WHAT YOU HAVE TO DO: Reproduce the entries shown below only from the line with "デラックススイート, The Fern" down to the line with "Concept 2 model", keeping both end lines and copying each one exactly.
++++++
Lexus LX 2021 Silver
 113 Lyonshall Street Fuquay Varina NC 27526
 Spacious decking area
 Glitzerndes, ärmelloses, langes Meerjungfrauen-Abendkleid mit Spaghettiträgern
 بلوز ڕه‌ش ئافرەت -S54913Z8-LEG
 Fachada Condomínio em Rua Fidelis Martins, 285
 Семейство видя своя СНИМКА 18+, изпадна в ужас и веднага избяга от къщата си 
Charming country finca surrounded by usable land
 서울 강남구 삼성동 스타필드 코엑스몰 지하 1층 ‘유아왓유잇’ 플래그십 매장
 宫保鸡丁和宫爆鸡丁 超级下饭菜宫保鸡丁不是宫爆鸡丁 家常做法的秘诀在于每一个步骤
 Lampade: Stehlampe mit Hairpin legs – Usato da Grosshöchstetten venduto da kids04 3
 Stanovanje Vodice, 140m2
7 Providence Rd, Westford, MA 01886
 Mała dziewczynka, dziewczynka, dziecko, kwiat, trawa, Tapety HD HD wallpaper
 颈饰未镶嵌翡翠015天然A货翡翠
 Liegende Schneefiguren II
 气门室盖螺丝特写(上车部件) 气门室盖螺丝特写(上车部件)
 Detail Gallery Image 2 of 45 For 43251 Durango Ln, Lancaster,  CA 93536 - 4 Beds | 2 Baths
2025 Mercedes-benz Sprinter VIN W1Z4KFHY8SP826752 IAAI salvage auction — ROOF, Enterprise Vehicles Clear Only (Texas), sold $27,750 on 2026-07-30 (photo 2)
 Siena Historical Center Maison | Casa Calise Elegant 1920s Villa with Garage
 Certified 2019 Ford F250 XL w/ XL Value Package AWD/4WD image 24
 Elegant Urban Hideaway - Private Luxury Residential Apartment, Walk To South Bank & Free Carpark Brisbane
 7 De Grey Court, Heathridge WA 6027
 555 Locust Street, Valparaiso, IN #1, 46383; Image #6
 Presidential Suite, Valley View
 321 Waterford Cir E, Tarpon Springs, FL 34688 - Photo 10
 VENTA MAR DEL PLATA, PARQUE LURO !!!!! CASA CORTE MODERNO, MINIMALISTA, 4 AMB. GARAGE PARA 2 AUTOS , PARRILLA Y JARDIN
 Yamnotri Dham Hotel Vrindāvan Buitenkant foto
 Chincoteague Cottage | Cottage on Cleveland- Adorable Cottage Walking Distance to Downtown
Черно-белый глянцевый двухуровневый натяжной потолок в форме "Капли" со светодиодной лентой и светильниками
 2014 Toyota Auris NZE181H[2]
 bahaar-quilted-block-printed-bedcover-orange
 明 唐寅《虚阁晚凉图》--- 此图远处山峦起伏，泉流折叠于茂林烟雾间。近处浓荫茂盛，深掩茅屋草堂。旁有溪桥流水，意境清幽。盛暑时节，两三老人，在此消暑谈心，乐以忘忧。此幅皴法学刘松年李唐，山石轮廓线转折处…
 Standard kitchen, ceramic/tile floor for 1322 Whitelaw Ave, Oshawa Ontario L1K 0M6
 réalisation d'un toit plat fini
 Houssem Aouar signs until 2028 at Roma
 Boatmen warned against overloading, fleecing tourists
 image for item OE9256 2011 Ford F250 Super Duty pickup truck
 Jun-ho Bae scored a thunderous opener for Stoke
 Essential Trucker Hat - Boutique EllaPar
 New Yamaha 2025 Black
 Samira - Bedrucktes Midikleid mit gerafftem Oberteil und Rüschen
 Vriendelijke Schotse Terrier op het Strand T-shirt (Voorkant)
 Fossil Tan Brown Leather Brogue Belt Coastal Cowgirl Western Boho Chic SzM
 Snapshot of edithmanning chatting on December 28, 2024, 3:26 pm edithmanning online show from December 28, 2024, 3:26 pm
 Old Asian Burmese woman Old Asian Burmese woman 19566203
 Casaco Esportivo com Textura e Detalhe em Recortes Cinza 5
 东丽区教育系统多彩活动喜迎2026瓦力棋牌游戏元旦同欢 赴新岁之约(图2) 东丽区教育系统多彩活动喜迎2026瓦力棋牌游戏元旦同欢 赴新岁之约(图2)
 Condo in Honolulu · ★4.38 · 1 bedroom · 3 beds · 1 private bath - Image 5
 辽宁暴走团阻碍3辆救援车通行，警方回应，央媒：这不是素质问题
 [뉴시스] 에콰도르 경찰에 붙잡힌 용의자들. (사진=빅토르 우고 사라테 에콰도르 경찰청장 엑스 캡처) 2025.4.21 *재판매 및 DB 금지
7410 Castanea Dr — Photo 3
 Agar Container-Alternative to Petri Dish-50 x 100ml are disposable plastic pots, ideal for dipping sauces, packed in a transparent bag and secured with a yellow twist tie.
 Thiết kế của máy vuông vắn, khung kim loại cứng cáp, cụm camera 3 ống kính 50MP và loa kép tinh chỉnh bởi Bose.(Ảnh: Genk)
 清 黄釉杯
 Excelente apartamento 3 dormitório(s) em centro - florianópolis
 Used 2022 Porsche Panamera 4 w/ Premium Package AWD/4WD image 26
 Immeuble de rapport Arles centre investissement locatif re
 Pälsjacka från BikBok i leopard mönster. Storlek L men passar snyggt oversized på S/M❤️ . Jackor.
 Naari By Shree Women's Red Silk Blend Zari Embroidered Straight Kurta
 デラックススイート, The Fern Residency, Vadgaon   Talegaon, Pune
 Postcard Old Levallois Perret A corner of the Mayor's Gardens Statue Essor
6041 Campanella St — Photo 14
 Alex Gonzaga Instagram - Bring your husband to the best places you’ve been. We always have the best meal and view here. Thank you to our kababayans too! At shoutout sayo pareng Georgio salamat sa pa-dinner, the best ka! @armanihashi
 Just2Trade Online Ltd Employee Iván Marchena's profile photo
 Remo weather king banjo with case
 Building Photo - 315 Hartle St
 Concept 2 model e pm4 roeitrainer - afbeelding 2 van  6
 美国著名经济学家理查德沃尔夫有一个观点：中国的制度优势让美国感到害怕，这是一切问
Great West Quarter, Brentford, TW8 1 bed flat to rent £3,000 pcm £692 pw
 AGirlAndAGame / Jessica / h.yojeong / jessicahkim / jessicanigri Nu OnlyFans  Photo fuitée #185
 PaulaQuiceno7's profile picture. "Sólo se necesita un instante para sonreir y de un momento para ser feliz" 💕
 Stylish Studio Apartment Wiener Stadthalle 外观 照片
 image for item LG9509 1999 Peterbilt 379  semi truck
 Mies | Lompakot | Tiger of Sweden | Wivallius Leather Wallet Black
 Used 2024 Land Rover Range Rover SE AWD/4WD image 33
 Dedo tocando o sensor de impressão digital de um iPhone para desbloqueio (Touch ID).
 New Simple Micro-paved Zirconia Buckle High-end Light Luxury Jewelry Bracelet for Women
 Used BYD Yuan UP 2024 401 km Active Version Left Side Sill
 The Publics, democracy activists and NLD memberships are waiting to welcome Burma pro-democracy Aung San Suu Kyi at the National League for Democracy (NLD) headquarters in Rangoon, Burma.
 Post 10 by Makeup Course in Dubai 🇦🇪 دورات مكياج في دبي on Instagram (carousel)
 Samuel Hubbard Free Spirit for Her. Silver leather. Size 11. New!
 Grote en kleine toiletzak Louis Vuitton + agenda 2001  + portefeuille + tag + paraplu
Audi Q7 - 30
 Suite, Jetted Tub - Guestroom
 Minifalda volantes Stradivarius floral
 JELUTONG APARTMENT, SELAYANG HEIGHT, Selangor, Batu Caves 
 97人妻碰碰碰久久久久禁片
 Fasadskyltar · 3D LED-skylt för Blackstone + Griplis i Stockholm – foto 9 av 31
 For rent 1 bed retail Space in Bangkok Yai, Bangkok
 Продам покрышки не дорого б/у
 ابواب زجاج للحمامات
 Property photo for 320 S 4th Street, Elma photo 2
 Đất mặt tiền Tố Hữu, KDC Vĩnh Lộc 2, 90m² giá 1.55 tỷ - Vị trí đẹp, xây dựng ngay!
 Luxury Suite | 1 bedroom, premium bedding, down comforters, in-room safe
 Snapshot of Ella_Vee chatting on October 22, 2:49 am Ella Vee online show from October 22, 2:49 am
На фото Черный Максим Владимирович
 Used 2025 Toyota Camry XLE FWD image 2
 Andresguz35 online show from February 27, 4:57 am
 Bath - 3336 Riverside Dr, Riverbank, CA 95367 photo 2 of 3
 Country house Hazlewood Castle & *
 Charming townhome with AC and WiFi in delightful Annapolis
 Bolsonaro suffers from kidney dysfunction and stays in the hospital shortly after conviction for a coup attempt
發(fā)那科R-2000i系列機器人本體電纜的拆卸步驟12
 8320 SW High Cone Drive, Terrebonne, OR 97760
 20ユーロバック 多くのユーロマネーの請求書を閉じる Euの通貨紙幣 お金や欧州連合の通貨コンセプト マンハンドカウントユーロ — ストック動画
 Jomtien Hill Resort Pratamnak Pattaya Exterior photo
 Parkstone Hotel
++++++
SOLUTION TO THIS PROBLEM:
 デラックススイート, The Fern Residency, Vadgaon   Talegaon, Pune
 Postcard Old Levallois Perret A corner of the Mayor's Gardens Statue Essor
6041 Campanella St — Photo 14
 Alex Gonzaga Instagram - Bring your husband to the best places you’ve been. We always have the best meal and view here. Thank you to our kababayans too! At shoutout sayo pareng Georgio salamat sa pa-dinner, the best ka! @armanihashi
 Just2Trade Online Ltd Employee Iván Marchena's profile photo
 Remo weather king banjo with case
 Building Photo - 315 Hartle St
 Concept 2 model e pm4 roeitrainer - afbeelding 2 van  6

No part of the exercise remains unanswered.